Concerted type I interferon signaling in microglia and neural cells promotes memory impairment associated with amyloid β plaques
- PMID: 35443157
- PMCID: PMC9109419
- DOI: 10.1016/j.immuni.2022.03.018
Concerted type I interferon signaling in microglia and neural cells promotes memory impairment associated with amyloid β plaques
Abstract
The principal signals that drive memory and cognitive impairment in Alzheimer's disease (AD) remain elusive. Here, we revealed brain-wide cellular reactions to type I interferon (IFN-I), an innate immune cytokine aberrantly elicited by amyloid β plaques, and examined their role in cognition and neuropathology relevant to AD in a murine amyloidosis model. Using a fate-mapping reporter system to track cellular responses to IFN-I, we detected robust, Aβ-pathology-dependent IFN-I activation in microglia and other cell types. Long-term blockade of IFN-I receptor (IFNAR) rescued both memory and synaptic deficits and resulted in reduced microgliosis, inflammation, and neuritic pathology. Microglia-specific Ifnar1 deletion attenuated the loss of post-synaptic terminals by selective engulfment, whereas neural Ifnar1 deletion restored pre-synaptic terminals and decreased plaque accumulation. Overall, IFN-I signaling represents a critical module within the neuroinflammatory network of AD and prompts concerted cellular states that are detrimental to memory and cognition.

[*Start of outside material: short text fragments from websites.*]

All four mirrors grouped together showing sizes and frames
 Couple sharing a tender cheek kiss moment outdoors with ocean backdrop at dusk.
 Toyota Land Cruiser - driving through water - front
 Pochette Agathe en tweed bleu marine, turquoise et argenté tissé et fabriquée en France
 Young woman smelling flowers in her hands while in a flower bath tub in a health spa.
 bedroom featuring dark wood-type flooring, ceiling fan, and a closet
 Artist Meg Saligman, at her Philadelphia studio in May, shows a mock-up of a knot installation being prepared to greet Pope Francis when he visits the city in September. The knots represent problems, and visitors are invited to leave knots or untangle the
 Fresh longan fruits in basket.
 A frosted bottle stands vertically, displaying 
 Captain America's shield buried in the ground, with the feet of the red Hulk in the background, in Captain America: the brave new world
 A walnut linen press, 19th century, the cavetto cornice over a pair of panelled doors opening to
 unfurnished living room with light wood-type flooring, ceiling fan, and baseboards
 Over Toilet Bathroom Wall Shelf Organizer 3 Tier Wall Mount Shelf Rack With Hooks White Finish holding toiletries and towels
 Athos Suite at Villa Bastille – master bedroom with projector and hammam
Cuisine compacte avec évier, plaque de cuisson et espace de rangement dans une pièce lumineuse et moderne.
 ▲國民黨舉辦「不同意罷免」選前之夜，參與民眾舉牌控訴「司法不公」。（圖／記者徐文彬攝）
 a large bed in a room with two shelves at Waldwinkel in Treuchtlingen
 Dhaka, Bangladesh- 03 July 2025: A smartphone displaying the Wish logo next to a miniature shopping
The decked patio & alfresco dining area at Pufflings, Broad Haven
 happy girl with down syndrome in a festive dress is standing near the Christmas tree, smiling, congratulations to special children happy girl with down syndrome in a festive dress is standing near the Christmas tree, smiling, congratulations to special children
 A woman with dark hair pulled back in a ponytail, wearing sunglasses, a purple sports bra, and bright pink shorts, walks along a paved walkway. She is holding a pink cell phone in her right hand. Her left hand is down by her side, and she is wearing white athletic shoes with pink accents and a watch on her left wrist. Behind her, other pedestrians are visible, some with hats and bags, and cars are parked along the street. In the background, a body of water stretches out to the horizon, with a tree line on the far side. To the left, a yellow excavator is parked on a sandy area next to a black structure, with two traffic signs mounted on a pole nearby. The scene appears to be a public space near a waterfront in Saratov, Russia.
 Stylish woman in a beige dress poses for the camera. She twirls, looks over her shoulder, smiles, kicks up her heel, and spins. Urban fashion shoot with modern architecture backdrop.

Keywords: Alzheimer’s disease; interferon; memory impairment; microglia; neuroinflammation; synapse.
Copyright © 2022 Elsevier Inc. All rights reserved.
Conflict of interest statement
Declaration of interests W.C. received honorarium as an invited speaker in a symposium sponsored by AstroZeneca. H.Z. is a member of the Scientific Advisory Board of the Tau Consortium, Rainwater Charitable Foundation.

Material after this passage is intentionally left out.